• INSTRUCTIONS TO FOLLOW
Set down, unchanged, the line holding "월드연마브러쉬 이미지" and all lines that follow it to the end of the material, leaving pictures out.

• COLLECTED DATA
◇ ◇ ◇ ◇
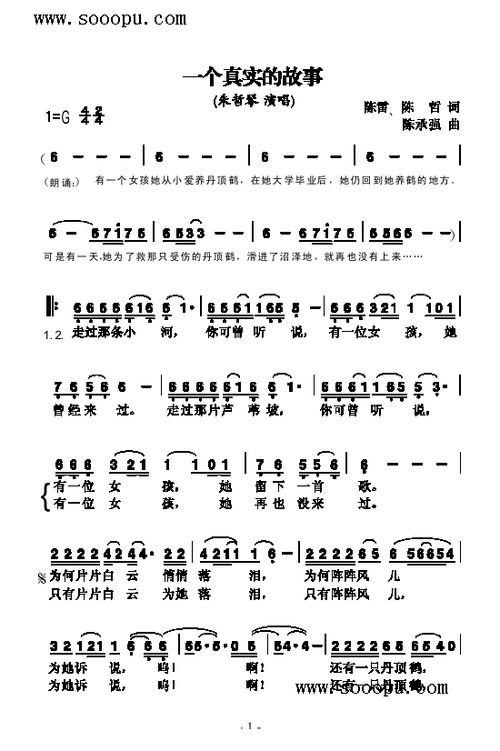 一个真实的故事 歌曲类 简谱 其他曲谱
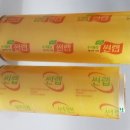 월드연마브러쉬 이미지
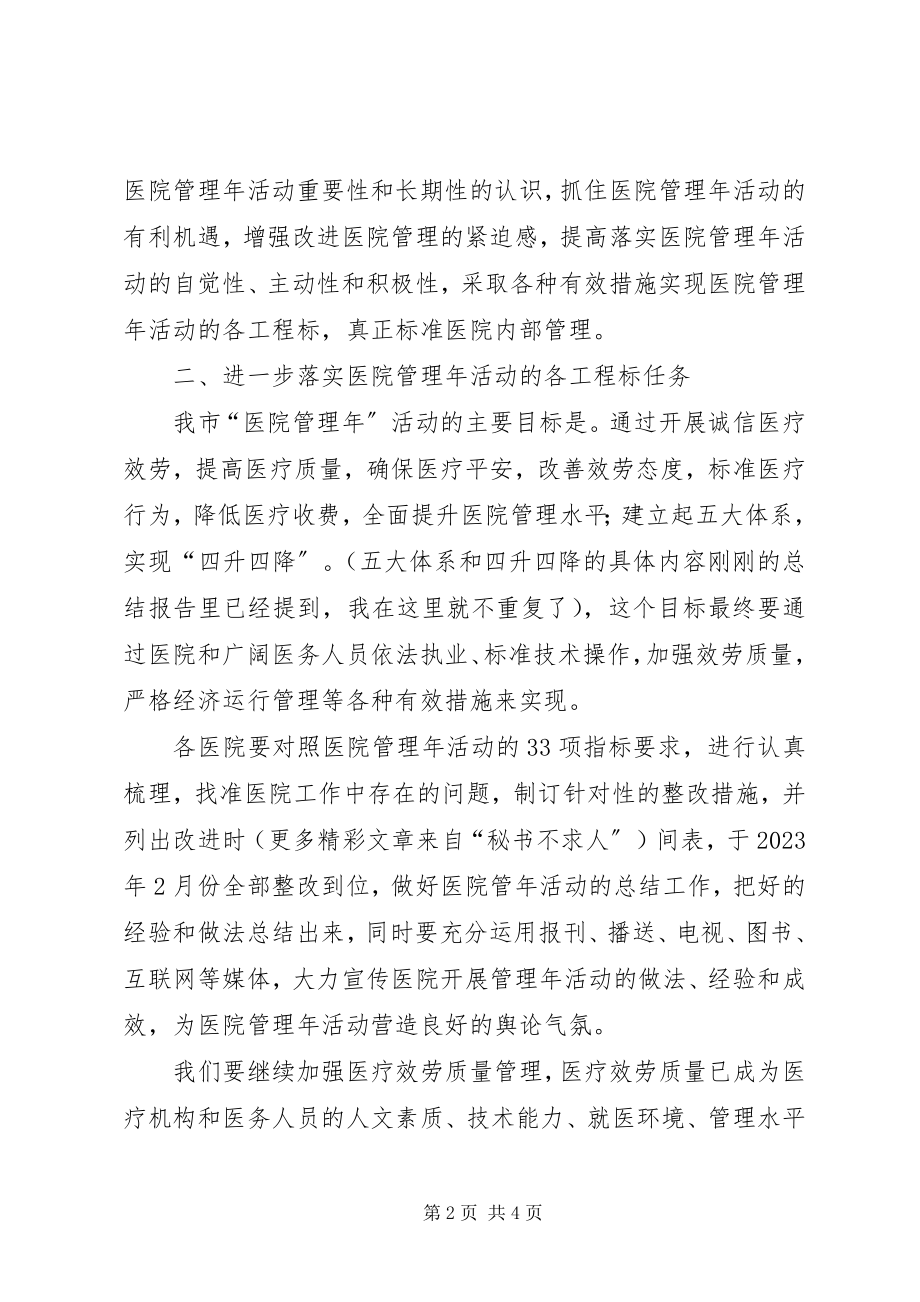 2023年XX局长在医院管理年阶段性总结大会上的致辞新编.docx_第2页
◇ ◇ ◇ ◇
• TASK SOLUTION
 월드연마브러쉬 이미지
 2023年XX局长在医院管理年阶段性总结大会上的致辞新编.docx_第2页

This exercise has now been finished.